Line by line, return the listing exactly, without any of the images.
─── Data provided ───
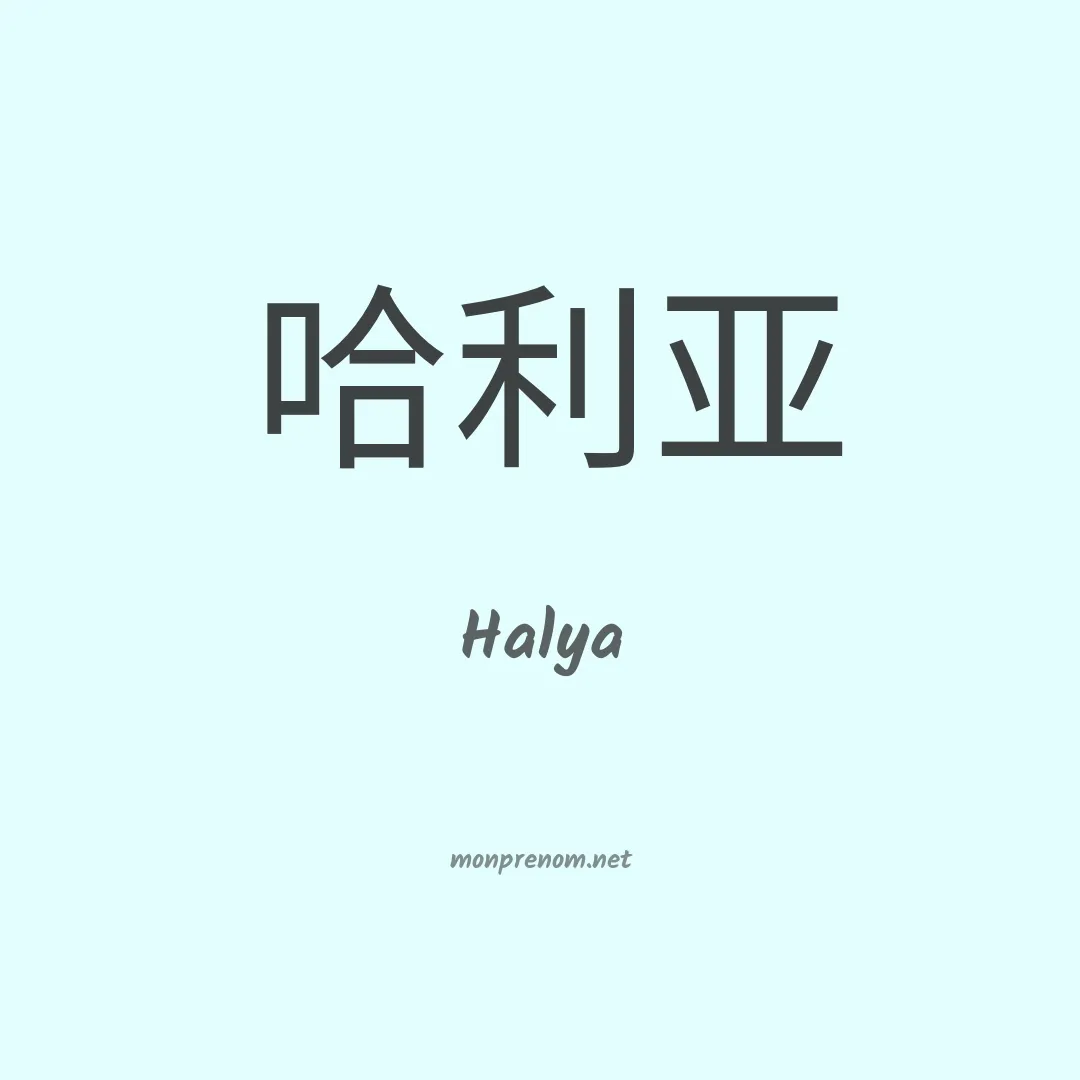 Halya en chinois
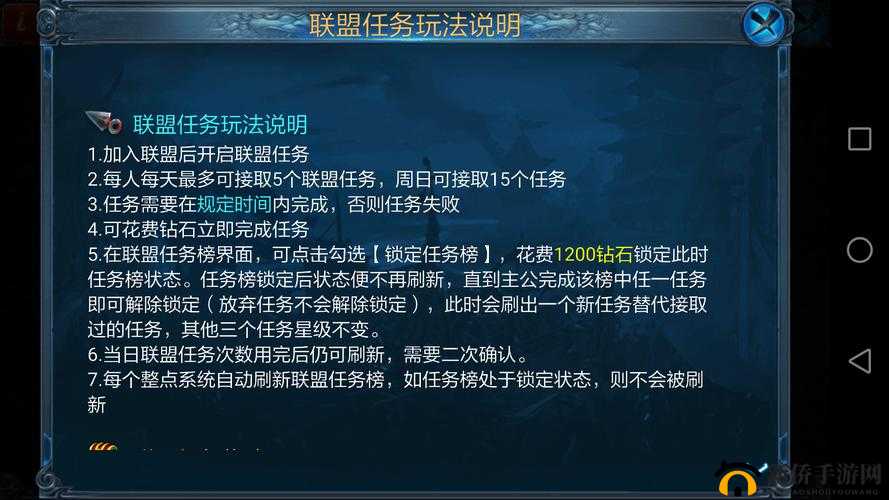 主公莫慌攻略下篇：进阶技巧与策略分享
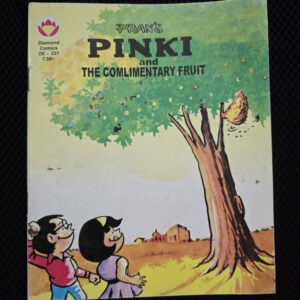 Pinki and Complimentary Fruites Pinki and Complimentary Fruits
───
- [Result of this exercise]
 Halya en chinois
 主公莫慌攻略下篇：进阶技巧与策略分享
 Pinki and Complimentary Fruites Pinki and Complimentary Fruits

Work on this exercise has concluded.